*** Block opens ***

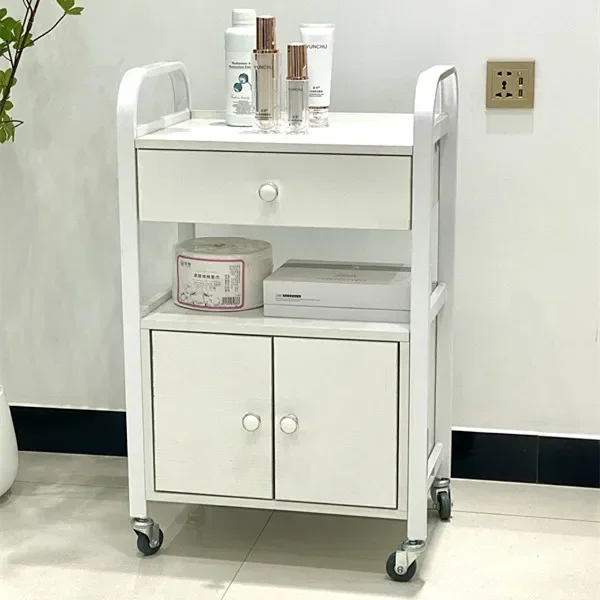 Beauty Kitchen Living Room Salon Pedicure Cart Embroidered Beauty Salon Trolley Carrello Attrezzi Mesa Auxiliar Spa Con Ruedas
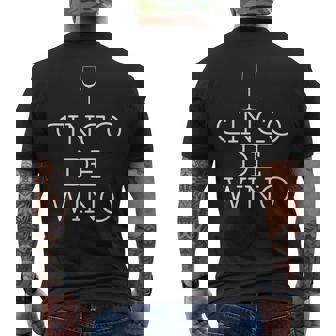 Cinco De Mayo Cinco De Wino For Wine Lovers Mens Back Print T-shirt - Thegiftio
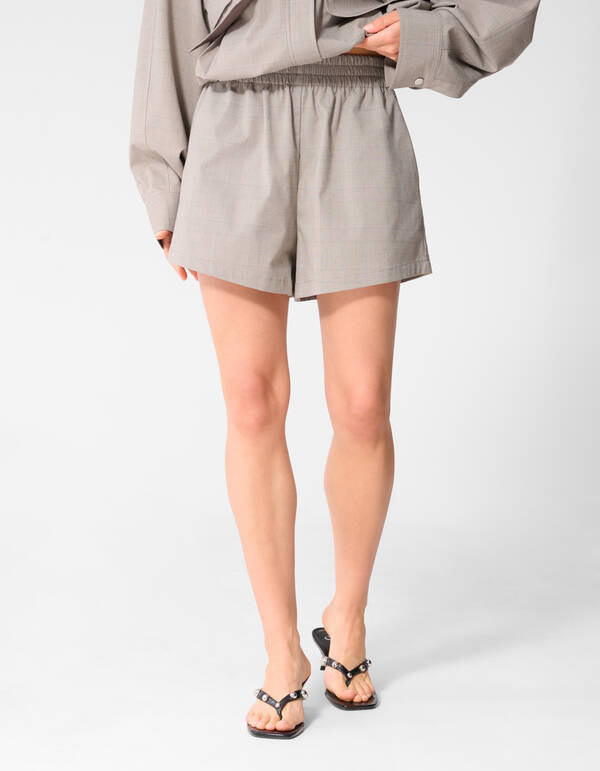 Ruiten Short Lichtgrijs SHOEBY WOMEN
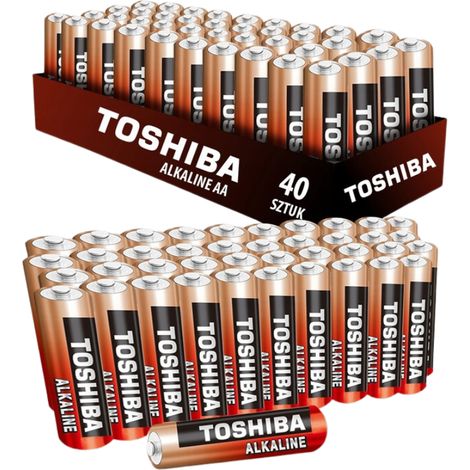 Pilas alcalinas Toshiba AA/LR6/R6, 40 unidades (1/4)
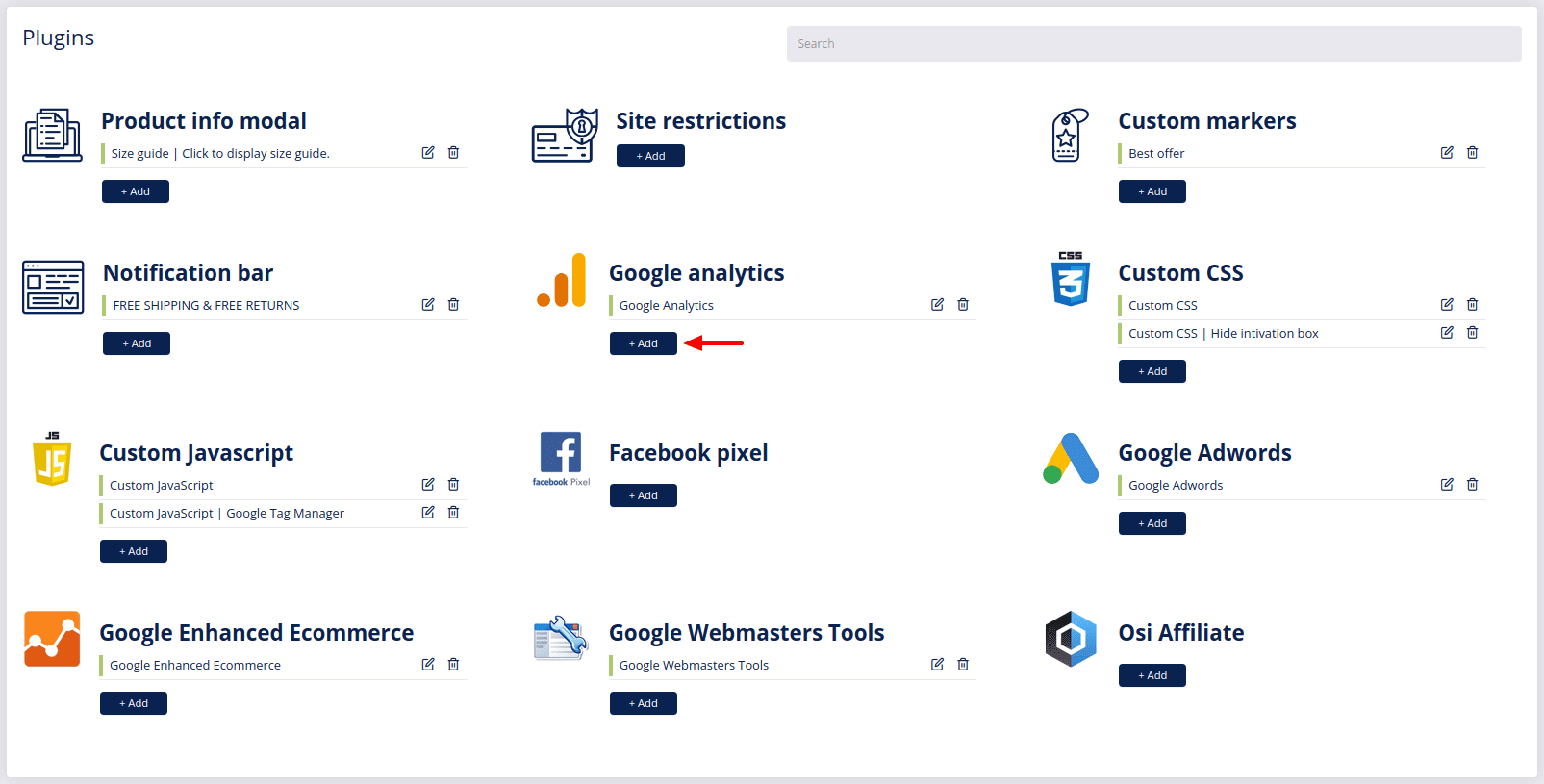 plugins google analytics add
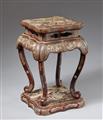 A Ryûkyû lacquer and inlaid mother-of-pearl stand. 18th/19th century - image-2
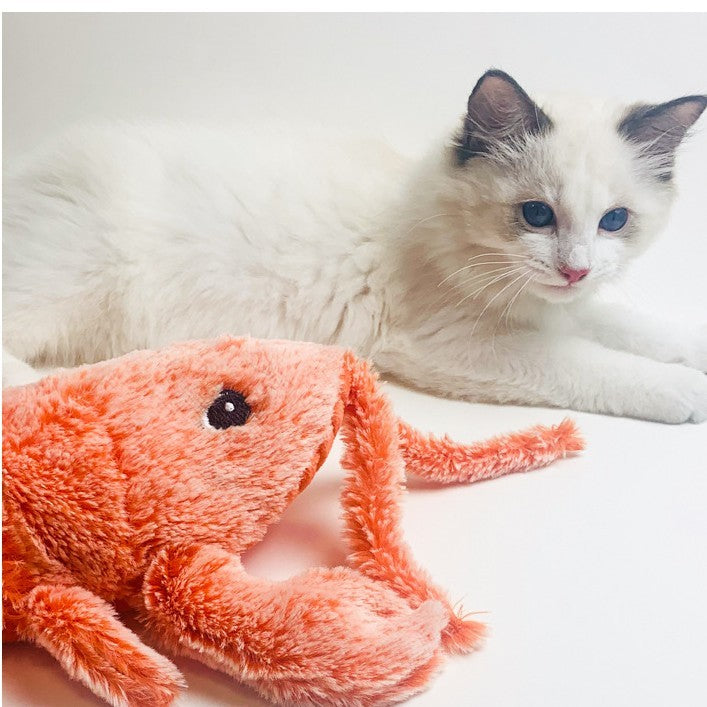 USB Charging Simulation Lobster Funny Dog Plush Toys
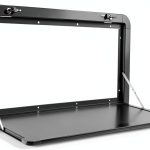 NEATOOM RV Foldable Table DMOPV Black Aluminum 27x14 Inch 55lb-0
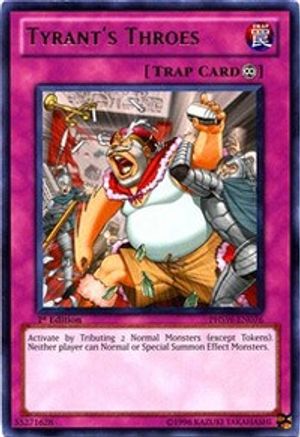 Tyrant's Throes [PHSW-EN076] Rare - Yu-Gi-Oh! - Card Brawlers | Quebec | Canada |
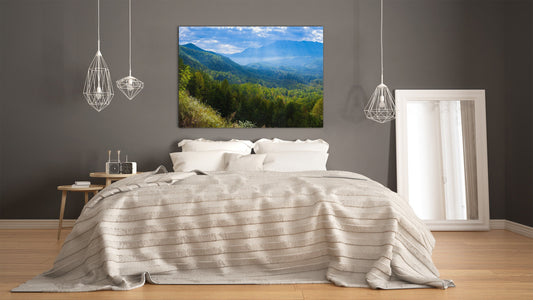 Glass Print Wall Art – Image on Glass SART01B Nature Series: Hills and valleys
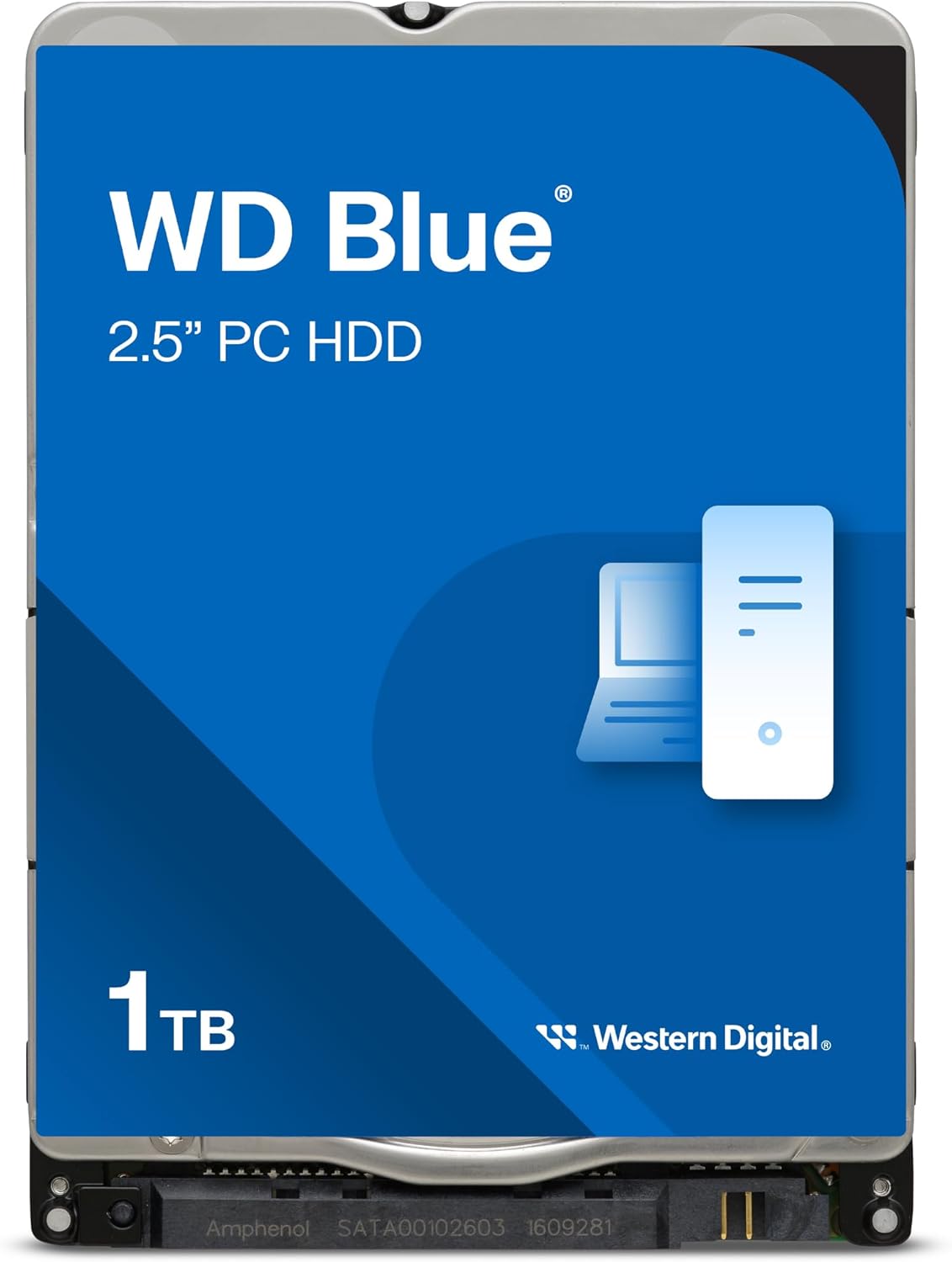 WD Blue 1TB Mobile 2.5" Internal Hard Drive Class 5400 RPM, SATA 6Gb/s, 128MB Cache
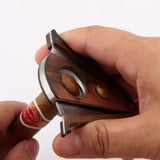 Cigar Cutter - Wood and Stainless Steel - Cut and Lock system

*** Block closes ***

The line holding "Cinco De Mayo" starts the copy and the line holding "Tyrant's Throes [PHSW-EN076]" ends it. Repeat those two lines above and all between them exactly, leaving out pictures.

 Cinco De Mayo Cinco De Wino For Wine Lovers Mens Back Print T-shirt - Thegiftio
 Ruiten Short Lichtgrijs SHOEBY WOMEN
 Pilas alcalinas Toshiba AA/LR6/R6, 40 unidades (1/4)
 plugins google analytics add
 A Ryûkyû lacquer and inlaid mother-of-pearl stand. 18th/19th century - image-2
 USB Charging Simulation Lobster Funny Dog Plush Toys
 NEATOOM RV Foldable Table DMOPV Black Aluminum 27x14 Inch 55lb-0
 Tyrant's Throes [PHSW-EN076] Rare - Yu-Gi-Oh! - Card Brawlers | Quebec | Canada |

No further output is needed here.